Si chiama Marine Turchi
Il mastino di Mediapart che non fa dormire Le Pen
Si chiama Marine Turchi e ha scoperto i soldi russi al Front National (e prima quelli siriani). Ieri la leader del partito di estrema desta ha perso una causa di diffamazione contro Mediapart, per un pezzo del 2013.
Roma.
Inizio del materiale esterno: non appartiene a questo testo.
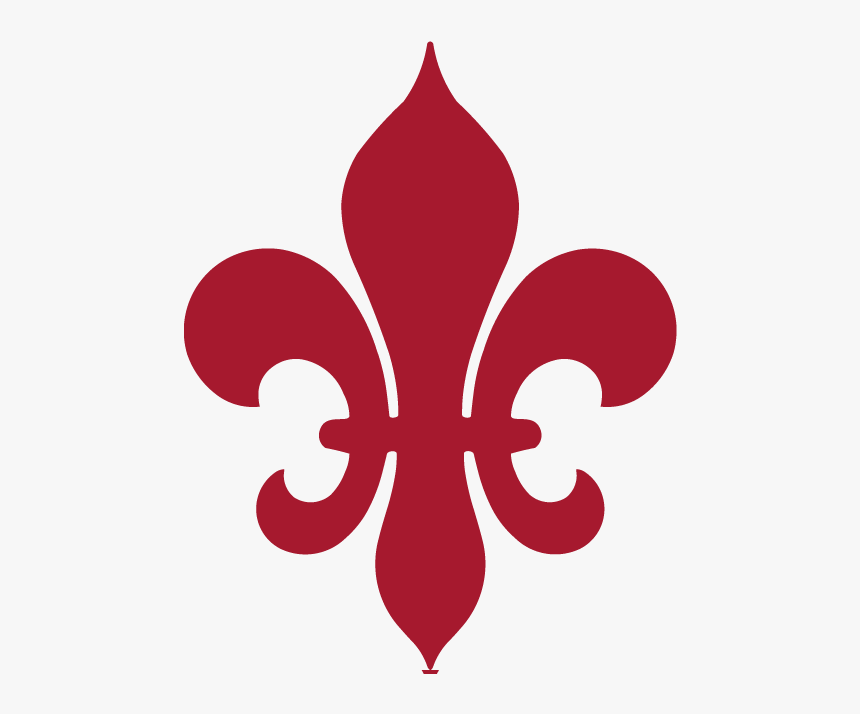 Transparent Popeyes Png - Fleur De Lis Stencil Walls, Png Download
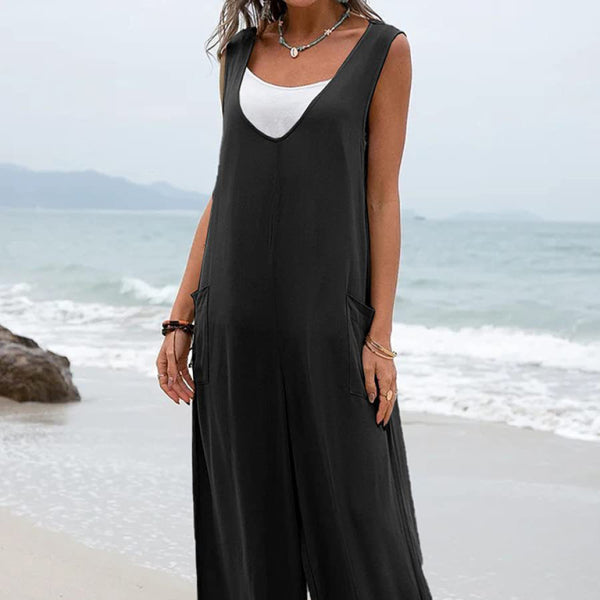 β¨ Chic & Comfy Knit Jumpsuit β Casual Lounge Wear for Women β¨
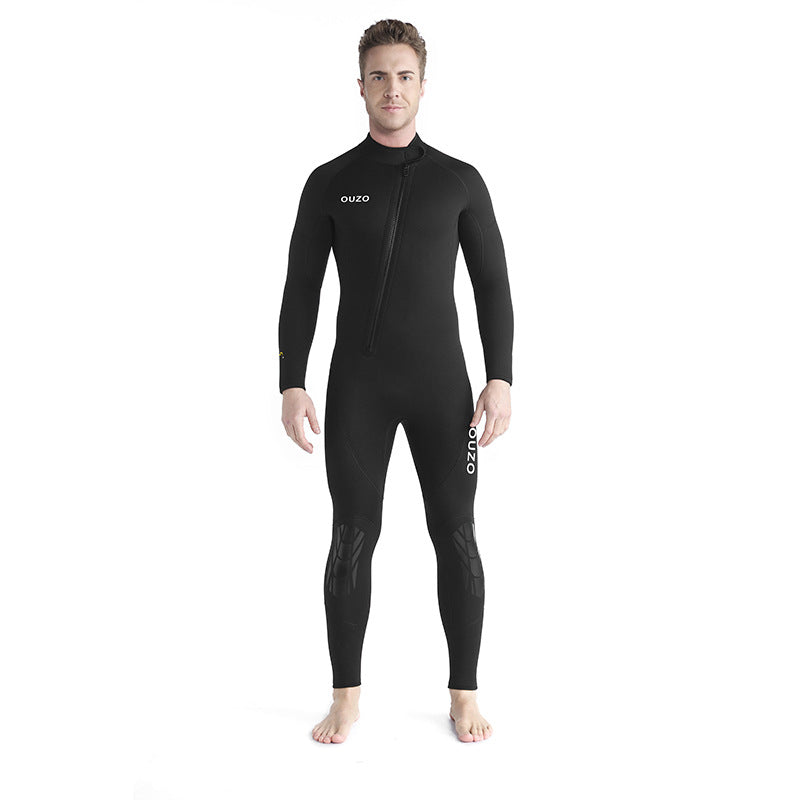 OUZO 5mm Neopren-Einteiler für Herren – Thermo-Tauchanzug für den ganzen Körper
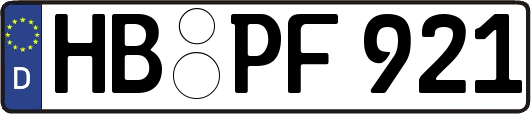 HB-PF921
Mediapart è un dinamico quotidiano francese per abbonamento che si occupa di notizie e indagini giornalistiche e sabato ha fatto uno scoop su un maxi prestito russo di nove milioni di euro al Front National, il partito di estrema destra di Marine Le Pen (ieri Repubblica ha pubblicato due pagine sui gruppi politici italiani che, come l’erede di Le Pen, vorrebbero finanziamenti di Mosca per la loro vita politica).
Il pezzo è firmato da Marine Turchi, una giovane giornalista che lavora a Mediapart fin dalla fondazione, nel 2008, e si è specializzata nello scoprire le magagne dell’estrema destra francese. Il Front National ricambia l’attenzione di Turchi: a settembre l’ha buttata fuori dal campo scuola estivo del partito, sulle Alpi, poche ore dopo un discorso del segretario generale, Steeve Briois, che chiedeva ai giovani del Front di “ne pas etre sectaires”, di non essere settari. Nel pomeriggio, la Turchi aveva dovuto restituire il pass ed era stata scortata fuori, davanti ai colleghi di Le Monde, Agence France Presse, L’Humanité, L’Opinion, Le Canard enchaîné e di RFI (Radio France International), che decisero un boicottaggio dell’evento per protesta. Quando Marine le Pen salì sul palco per il discorso finale, non c’era più un giornalista.
Sabato e domenica scorsi, a Marine Turchi è stato negato l’accredito alla Conferenza di partito a Lione, “perché i posti per i giornalisti sono terminati” – cosa che i colleghi poi entrati si sono affrettati a smentire. Domenica, il giorno dopo l’aticolo di Mediapart, il tesoriere del Front, Wallerand de Saint-Just, ha ammesso di essere stato costretto a rivolgersi a una banca russa amica del governo Putin perché “qui in Europa nessuno ci avrebbe prestato un centesimo” e ha detto che una prima tranche di due milioni è già arrivata (in un altro articolo della Turchi, De Saint-Just è colto mentre fa il saluto fascista a una festa). Il Front national ha da tempo posizioni esplicitamente filorusse e sostiene la linea del presidente Vladimir Putin con sintonia perfetta, dall’elogio dei valori tradizionali alla guerra civile in Ucraina.
[**Video_box_2**]All’inizio di novembre Turchi si era già occupata del congresso europeo di sabato 22 a Parigi, che ha visto come ospiti d’onore i membri di una delegazione del gruppo greco Alba dorata e come co-organizzatori “les Italiens de CasaPound”. Il gruppo italiano è descritto come “al servizio di Frederic Chatillon”, consigliere ufficioso di Marine Le Pen, che ora abita a Roma e gestisce una società di comunicazione, la Riwal France, con una sede anche romana. La Riwal Italia si occuperà della “realizzazione di campagne pubblicitarie”. (Il congresso di Parigi – dove domenica ha parlato anche il presidente del movimento, Gianluca Iannone – è stato “il punto culminante di un tour promozionale per fare conoscere CasaPound in Francia”).
Un altro pezzo di Turchi, scritto nel luglio 2012, racconta come allo stesso Chatillon, oggi trait d’union tra CasaPound e il Front national, arrivassero soldi legittimi da parte del governo siriano del presidente Bashar el Assad. La Riwal prendeva “tra i centomila e i centocinquantamila euro l’anno dall’ambasciata siriana a Parigi”, ufficialmente per la promozione del paese. L’inchiesta delle autorità francesi non rilevò nulla di irregolare – come del resto non c’è nulla di irregolare nel prestito di nove milioni di euro in arrivo ora dalla Russia.
Ieri Marine Le Pen ha perso una causa di diffamazione contro Mediapart, che in un pezzo del 2013 (coautrice: sempre Turchi) aveva sollevato il caso di Louis Aliot, partner di Marine, assunto come assistente parlamentare. Oggi la legge francese proibisce di assumere conviventi e coniugi come assistenti, ma la Le Pen ha perso questa battaglia contro Mediapart (e Turchi) per un tecnicismo: per la corte di Parigi, avrebbe dovuto sostenere di essere stata danneggiata come figura pubblica e non come persona privata.